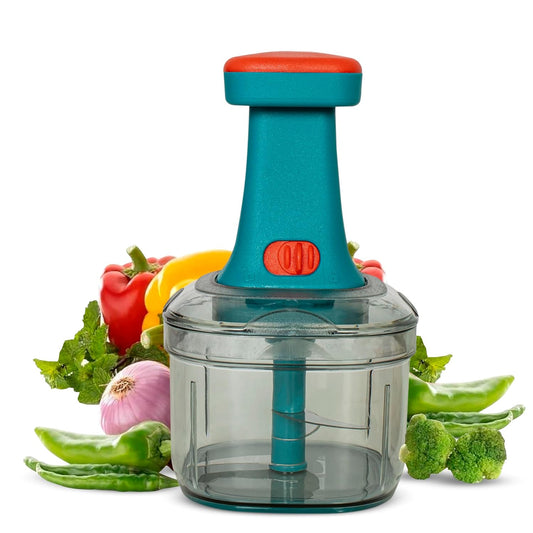 Manual Hand Press Push Chopper with 3 Blades for Effortless Chopping Vegetables & Fruits (Assorted, 650 ml, Plastic)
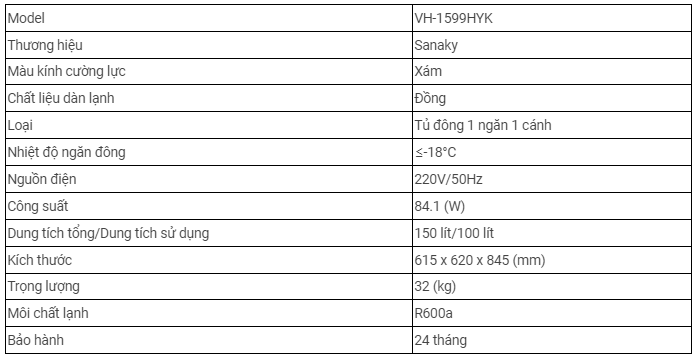 Tủ đông Sanaky 150 lít VH-1599HYK mặt kính cường lực xám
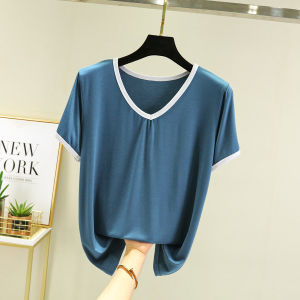 Modal Short-Sleeved T-shirt Womens Summer Thin Inner Match V Neck Bottoming Shirt Loose Plus Size Pure Color Versatile Slimming Top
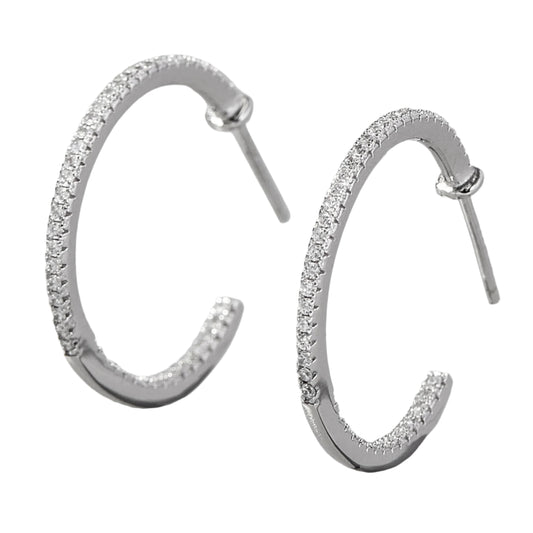 Zircon 925 Sterling Silver C-Hoop Earrings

************

Reproduce the material above in full, exactly, with no images.

RESPONSE
 Manual Hand Press Push Chopper with 3 Blades for Effortless Chopping Vegetables & Fruits (Assorted, 650 ml, Plastic)
 Tủ đông Sanaky 150 lít VH-1599HYK mặt kính cường lực xám
 Modal Short-Sleeved T-shirt Womens Summer Thin Inner Match V Neck Bottoming Shirt Loose Plus Size Pure Color Versatile Slimming Top
 Zircon 925 Sterling Silver C-Hoop Earrings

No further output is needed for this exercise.